Et je ne parle même pas de notre moyenne, qui en prend un sale coup : c’est sûr qu’on va avoir au bas mot un jour de moins à siroter une caïpirinha à Salvador à ce train !

Praia – 6-7 Septembre 2013

L’équipage pour la traversée vers le Brésil est maintenant à pied d’œuvre : André, William, Jacques et Claude.

Le mouillage dans l’avant-port de Praia est relativement pratique, sinon grandiose, proche des « facilités » offertes par la capitale. André avait déjà fait le gros des courses : ne manquent que le frais et quelques bricoles. Le marché local, pittoresque et bien achalandé, nous permet de nous approvisionner en fruits et légume.

Nous essayons de nous connecter pour entre autre mettre à jour le blog : le choix DU cyber-café de Praia dans cette optique nous semblait logique… Ben non. Pas de wifi au cyber-café… Par contre, un wifi gratuit sur une des places de la vieille ville : petite bande passante, mais suffisant pour vous permettre de lire ces pages.
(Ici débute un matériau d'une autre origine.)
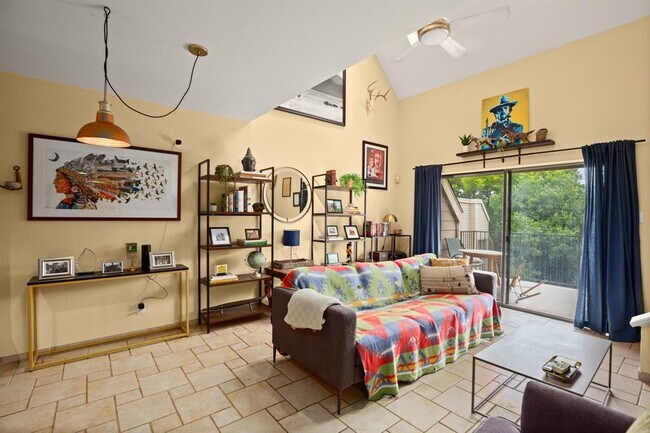 Building Photo - 1135 Barton Hills Dr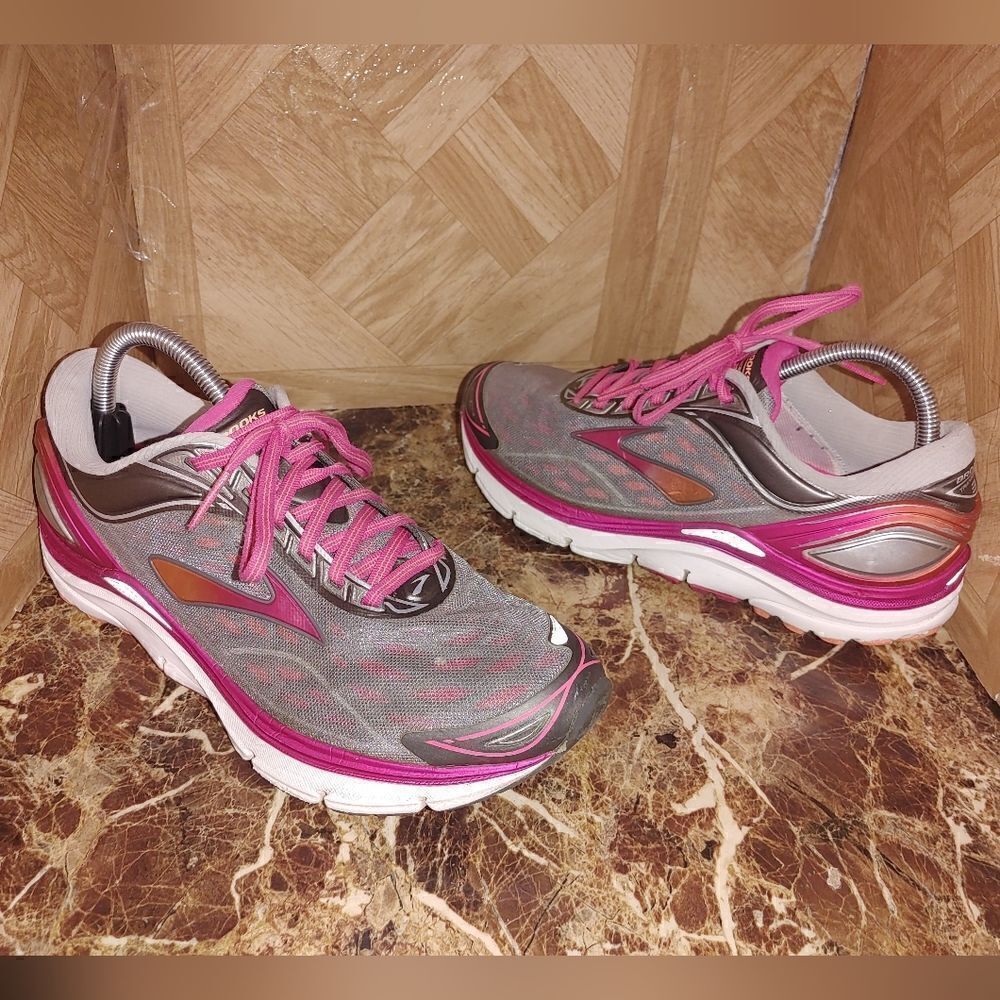 Brooks women's Transcend 3 running shoes sneakers size 9.5.     560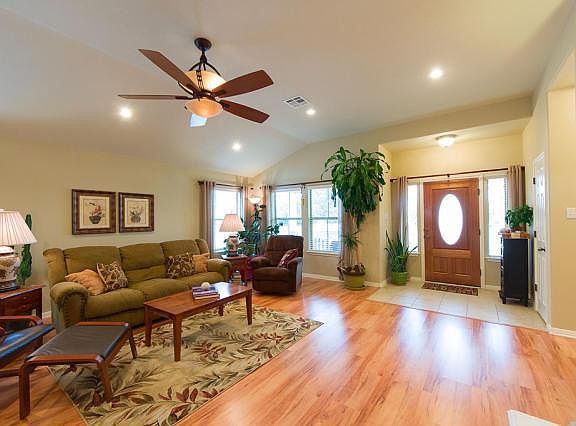 2nd image of 1506 Discovery Blvd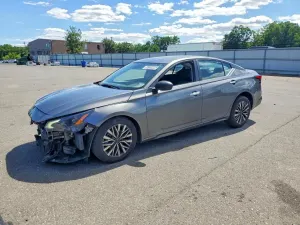 Nissan Altima 2.5L 4 2025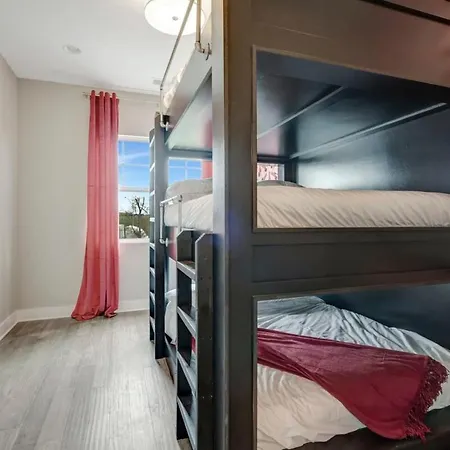 Holiday home New Diva Retreat 13beds Rooftop Views Free Parking *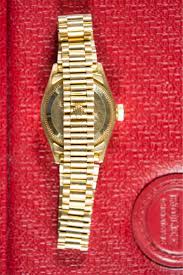 Lot - PETITE ROLEX OYSTER PERPETUAL DATEJUST WRISTWATCH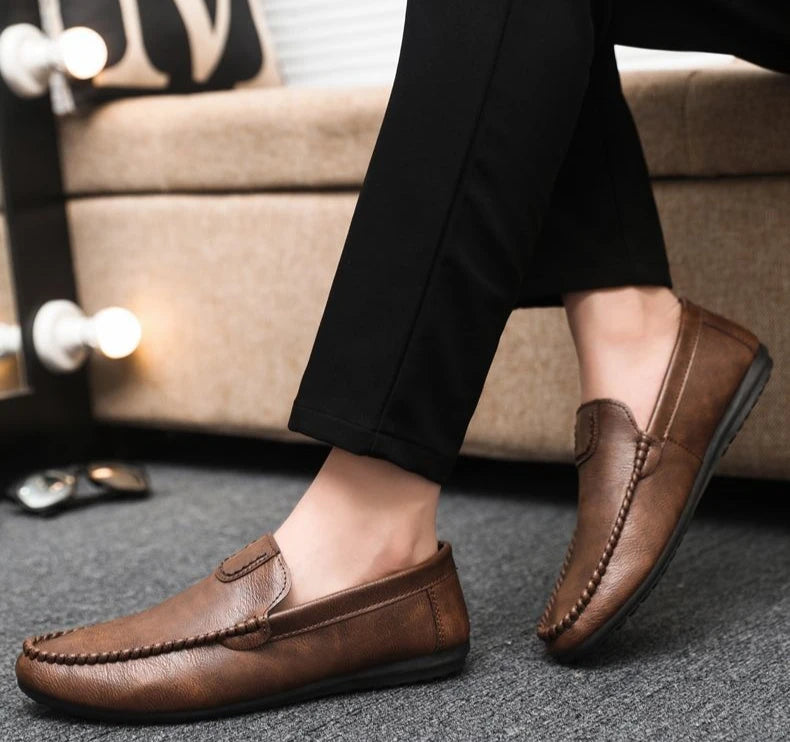 Round Toe Soft Flat Men's Leather Shoes High Quality Fashion Comfortable Designer 2025 Legitimate Luxury Sale Male Casual Shoe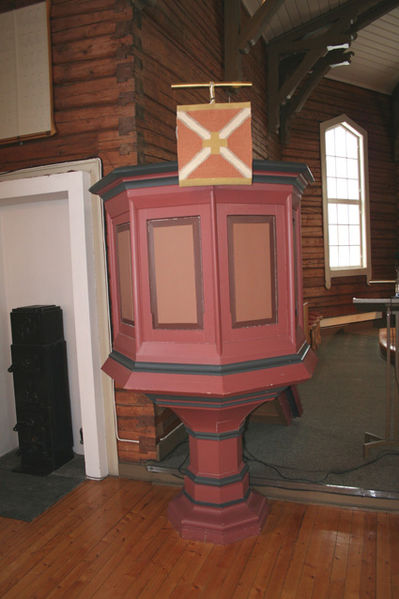 Fil:Tomb kirke Prekestol 2.jpg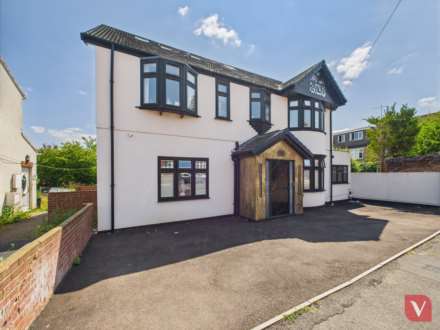 Fountains Road, Luton, Image 39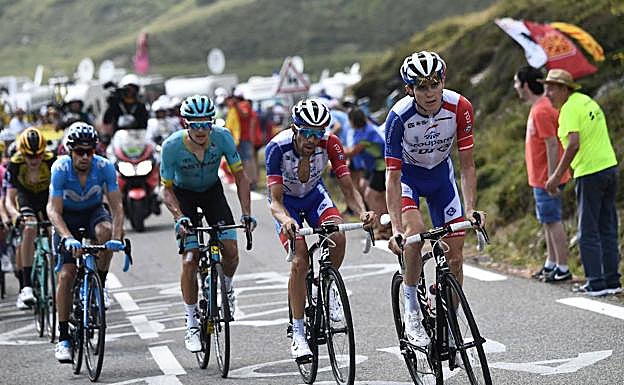 David Guadu en cabez del pelotón en el Tour de Francia 2019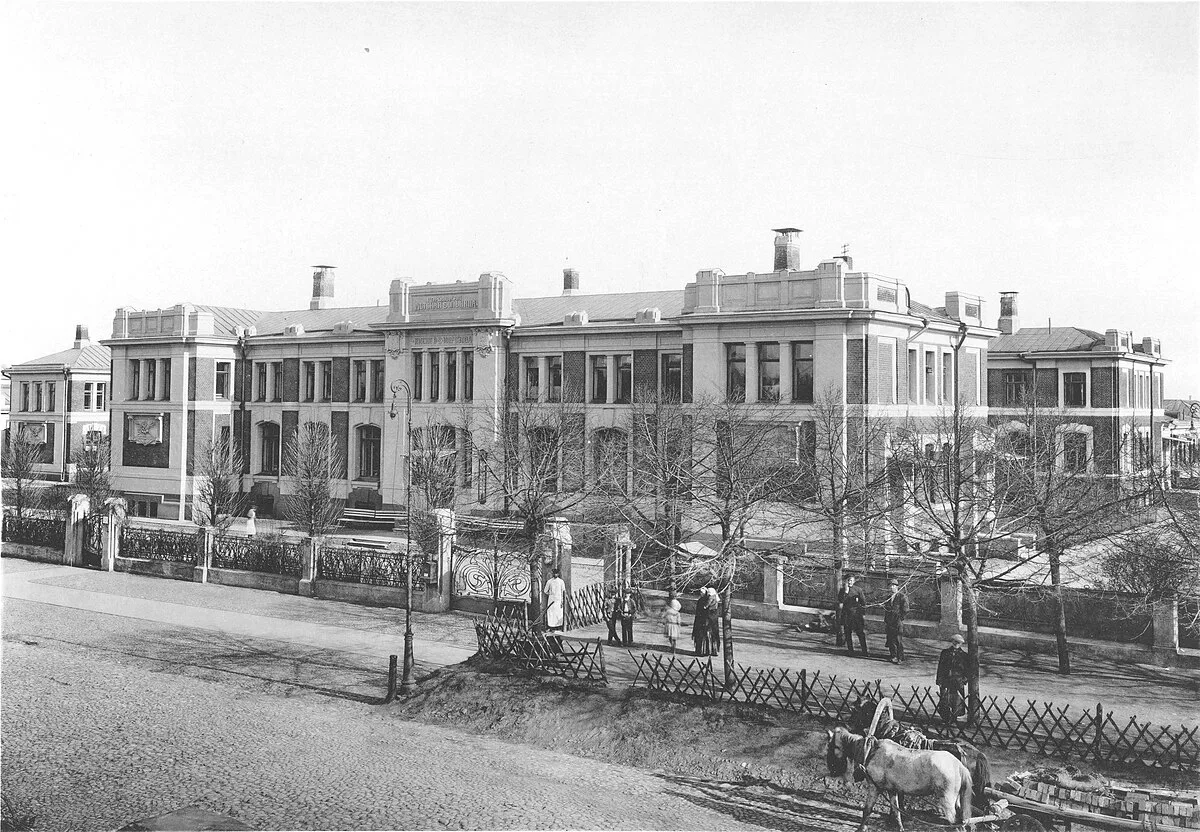 Больница тогда...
Nous partons demain 7 septembre pour Salvador : prochain épisode dans 2 ou 3 semaines ! Dernière soirée dans la capitale avec petit restau à la clef : on n’a plus Marie-Jo aux fourneaux !

Petit commentaire sur le peu du Cap Vert que nous ayons vu, et sur la réputation de Praia: les gens sont très accueillants, le mouillage est tranquille (notre annexe est gardée par un groupe rencontré sur la plage), les formalités administratives (immigration et police) se passent de manière bon enfant, les conducteurs s’arrêtent spontanément pour laisser passer les piétons, etc. Réalité assez différente de tout ce que l’on peut lire sur divers sites… Bien sûr, ceci est ce que nous avons constaté lors de notre escale. Il se peut que d’autres aient eu des problèmes, mais nous garderons de notre bref séjour un excellent souvenir!